The Focal Point of Study for My Dissertation
This study's focal point is the Lactantian concept of God the Father in the light of classical and contemporary metaphor theory. Accordingly, it has four primary goals: (1) This investigation will determine the possible conceptual or ecclesiastical antecedents that motivated Lactantius to apply the paternal metaphor "Father" to God; (2) it will explore what Lactantius and other Christian writers possibly mean by "Father"; (3) moreover, this study will scrutinize how Lactantius conceives the relationship between the Father and the Son; (4) it will probe the eschatological significance that "Father" possibly has for Lactantius.
The introductory portion of this study is structured as follows. First, it is necessary to provide an overview of Lactantian studies. In the overview, a marked contrast between common preoccupations of patristic scholars or historians and the focus of this work will be established.

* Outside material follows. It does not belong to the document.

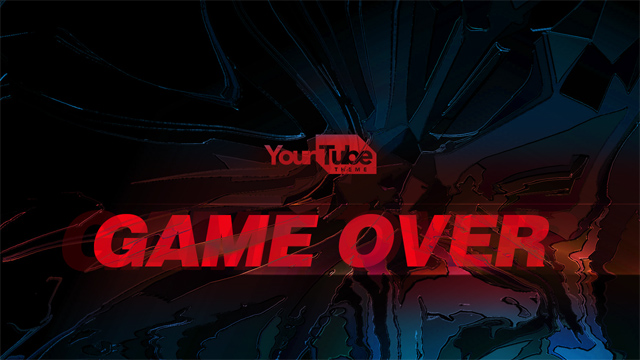Free download Gaming Backgrounds For Youtube Channel Art New youtube  channel layout [640x360] for your Desktop, Mobile & Tablet | Explore 50+  Wallpapers for YouTube Channel | Disney Channel Wallpaper, Discovery Channel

Second, the overview will supply an outline of Lactantius' conception of God the Father. In that portion of this investigation, the seeming heterodox Christology of Lactantius will also be contextualized. Third, a synopsis of each chapter contained in this study will be furnished. In contrast to other works that have elected to research non-theological aspects of the early apologist's work, this study will scrutinize Lactantian thought pertaining to God the Father. Its chief aim is to ascertain whether Lactantius employs "Father" as a metaphor for God rather than as a proper name for an immutable and eternal distinction of the triune Godhead. Furthermore, this study proposes that by using the divine epithet "Father" as a metaphor, Lactantius apparently downplays the role of gender in his conceptualization of God. It is possible that Lactantius believes that gender is not an intrinsic property of God or a category of being whose primordial exemplar is divine. Therefore, while it might not be possible to apodictically discern Lactantian intent regarding divine gender, this investigation will argue that at the very least Lactantius is not preoccupied with the reputed gender of God the Father when he employs this venerable concept.